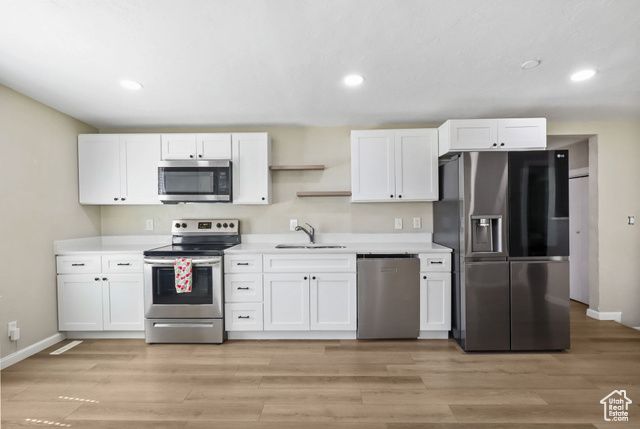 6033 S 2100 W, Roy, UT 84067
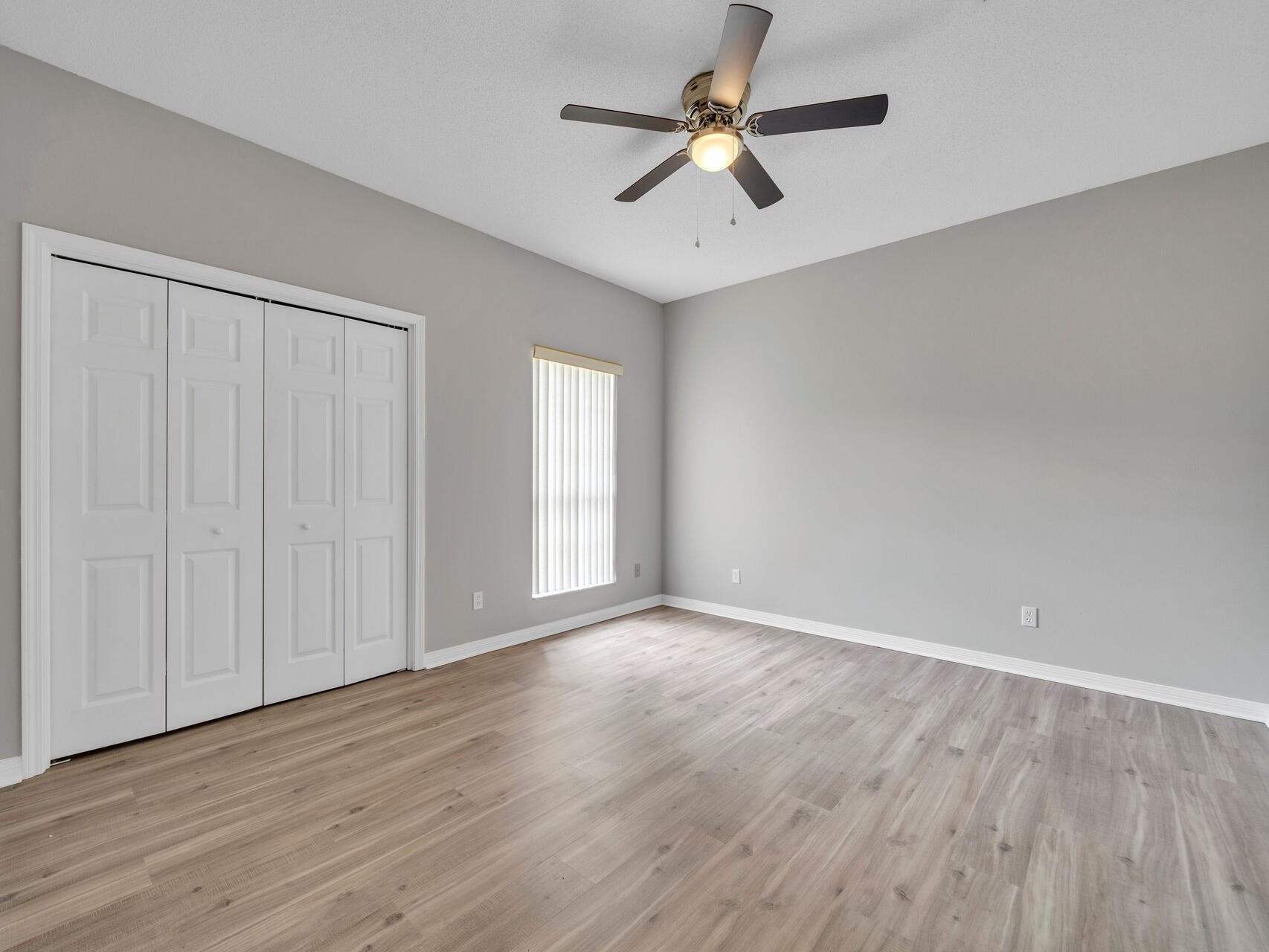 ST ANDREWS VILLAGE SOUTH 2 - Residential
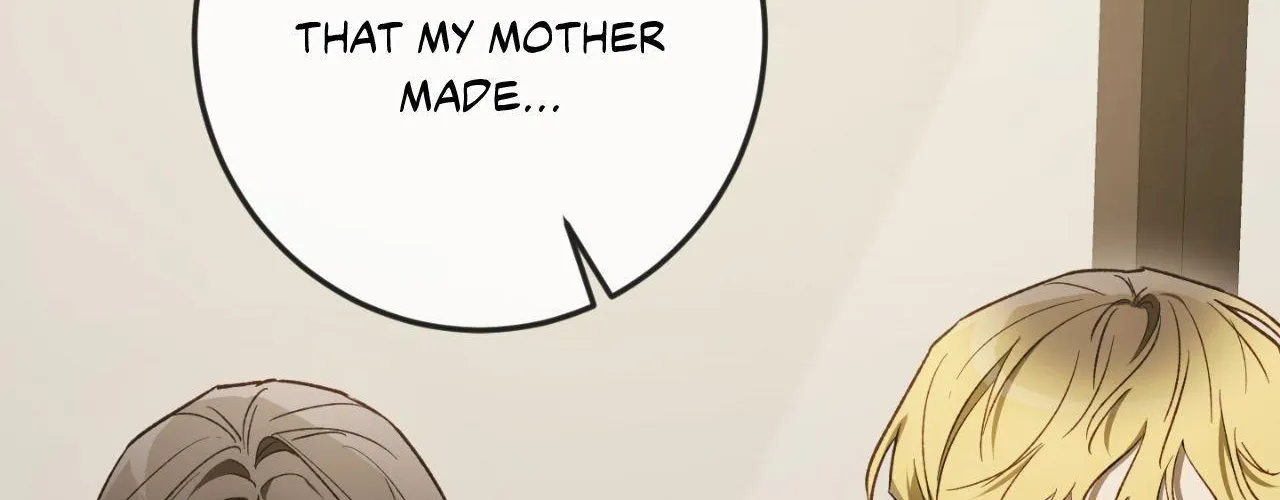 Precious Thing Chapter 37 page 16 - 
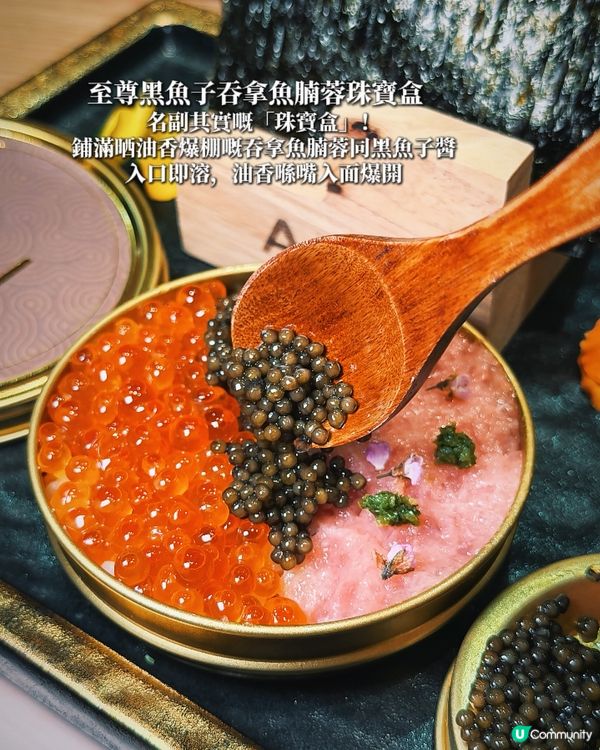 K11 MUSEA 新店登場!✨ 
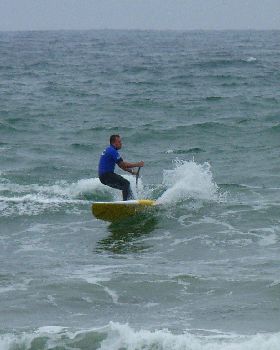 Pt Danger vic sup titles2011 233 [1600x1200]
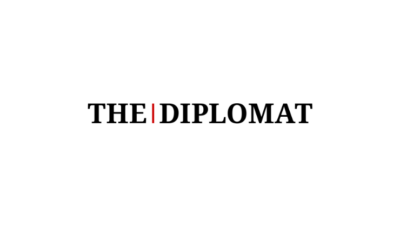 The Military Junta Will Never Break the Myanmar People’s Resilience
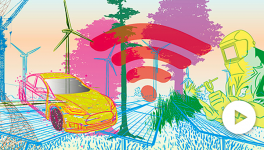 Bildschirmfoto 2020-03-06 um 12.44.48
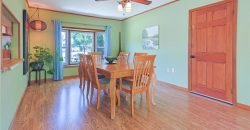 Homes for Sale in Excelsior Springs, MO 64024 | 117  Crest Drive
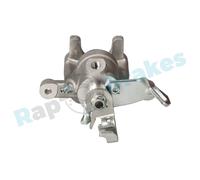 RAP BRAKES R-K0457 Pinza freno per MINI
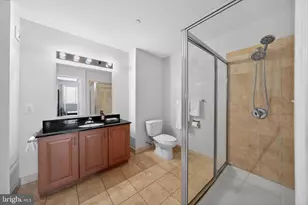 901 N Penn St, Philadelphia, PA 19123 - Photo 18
...
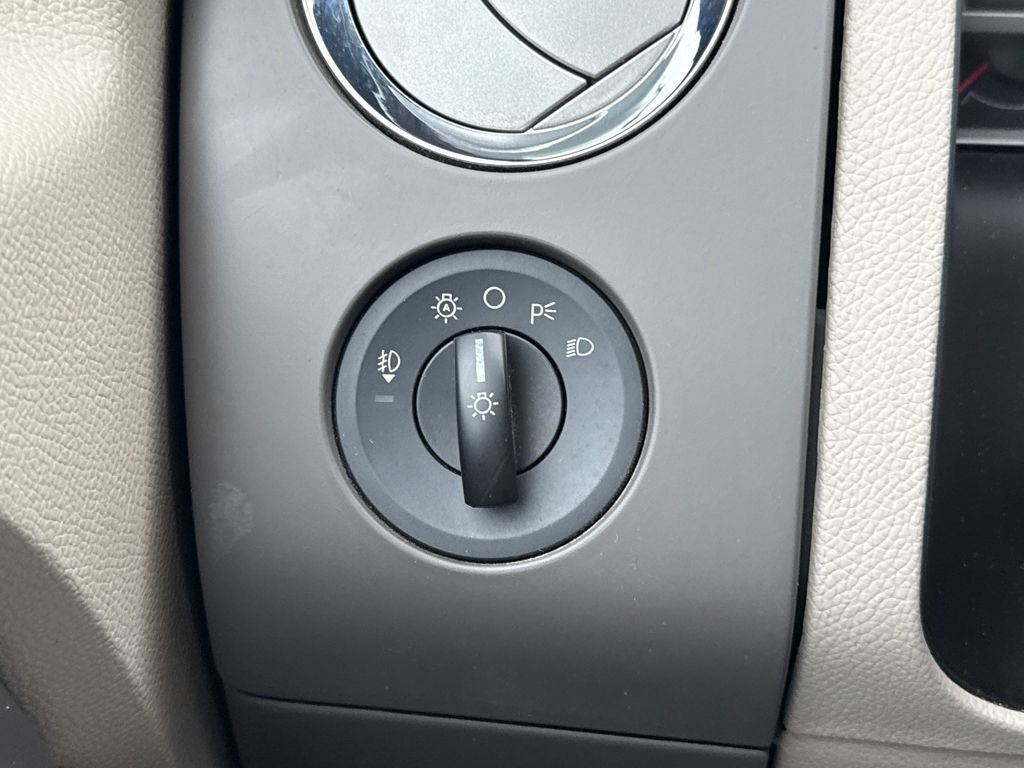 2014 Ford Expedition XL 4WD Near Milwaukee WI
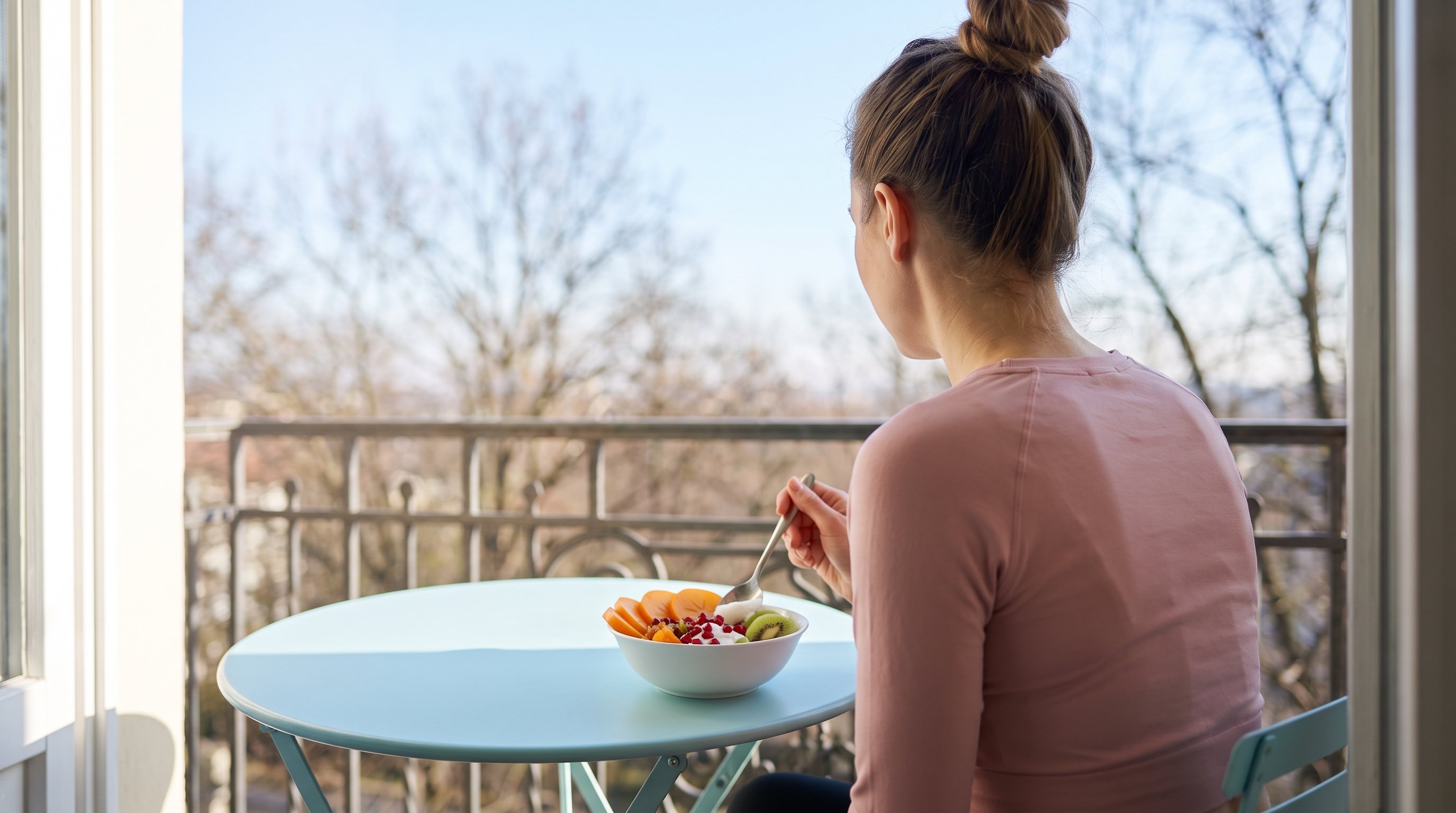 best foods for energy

**Work instruction**
Start at the line above containing "6033 S 2100 W, Roy, UT 84067" and stop at the line containing "901 N Penn St, Philadelphia, PA": print those lines and everything between them exactly, but not the pictures.

**Your response**
 6033 S 2100 W, Roy, UT 84067
 ST ANDREWS VILLAGE SOUTH 2 - Residential
 Precious Thing Chapter 37 page 16 - 
 K11 MUSEA 新店登場!✨ 
 Pt Danger vic sup titles2011 233 [1600x1200]
 The Military Junta Will Never Break the Myanmar People’s Resilience
 Bildschirmfoto 2020-03-06 um 12.44.48
 Homes for Sale in Excelsior Springs, MO 64024 | 117  Crest Drive
 RAP BRAKES R-K0457 Pinza freno per MINI
 901 N Penn St, Philadelphia, PA 19123 - Photo 18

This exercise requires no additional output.